[Source records]
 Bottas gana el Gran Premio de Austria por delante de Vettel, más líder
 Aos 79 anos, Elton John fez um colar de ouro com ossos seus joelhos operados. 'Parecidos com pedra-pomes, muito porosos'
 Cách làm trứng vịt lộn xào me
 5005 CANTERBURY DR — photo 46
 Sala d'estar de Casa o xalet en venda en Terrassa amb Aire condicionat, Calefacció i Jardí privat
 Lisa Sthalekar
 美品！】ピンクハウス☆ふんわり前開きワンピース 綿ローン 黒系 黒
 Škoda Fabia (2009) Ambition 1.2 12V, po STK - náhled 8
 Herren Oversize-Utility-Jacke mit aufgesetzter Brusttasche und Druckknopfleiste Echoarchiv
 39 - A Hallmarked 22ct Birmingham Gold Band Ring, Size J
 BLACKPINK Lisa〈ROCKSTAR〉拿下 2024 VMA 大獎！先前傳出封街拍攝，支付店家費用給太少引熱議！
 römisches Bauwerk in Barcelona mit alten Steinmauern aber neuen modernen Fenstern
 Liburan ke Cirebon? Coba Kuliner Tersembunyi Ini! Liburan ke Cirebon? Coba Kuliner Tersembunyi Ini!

■ **Problem to solve**: Transcribe all entries word for word.

■ **Solution to this task**:
 Bottas gana el Gran Premio de Austria por delante de Vettel, más líder
 Aos 79 anos, Elton John fez um colar de ouro com ossos seus joelhos operados. 'Parecidos com pedra-pomes, muito porosos'
 Cách làm trứng vịt lộn xào me
 5005 CANTERBURY DR — photo 46
 Sala d'estar de Casa o xalet en venda en Terrassa amb Aire condicionat, Calefacció i Jardí privat
 Lisa Sthalekar
 美品！】ピンクハウス☆ふんわり前開きワンピース 綿ローン 黒系 黒
 Škoda Fabia (2009) Ambition 1.2 12V, po STK - náhled 8
 Herren Oversize-Utility-Jacke mit aufgesetzter Brusttasche und Druckknopfleiste Echoarchiv
 39 - A Hallmarked 22ct Birmingham Gold Band Ring, Size J
 BLACKPINK Lisa〈ROCKSTAR〉拿下 2024 VMA 大獎！先前傳出封街拍攝，支付店家費用給太少引熱議！
 römisches Bauwerk in Barcelona mit alten Steinmauern aber neuen modernen Fenstern
 Liburan ke Cirebon? Coba Kuliner Tersembunyi Ini! Liburan ke Cirebon? Coba Kuliner Tersembunyi Ini!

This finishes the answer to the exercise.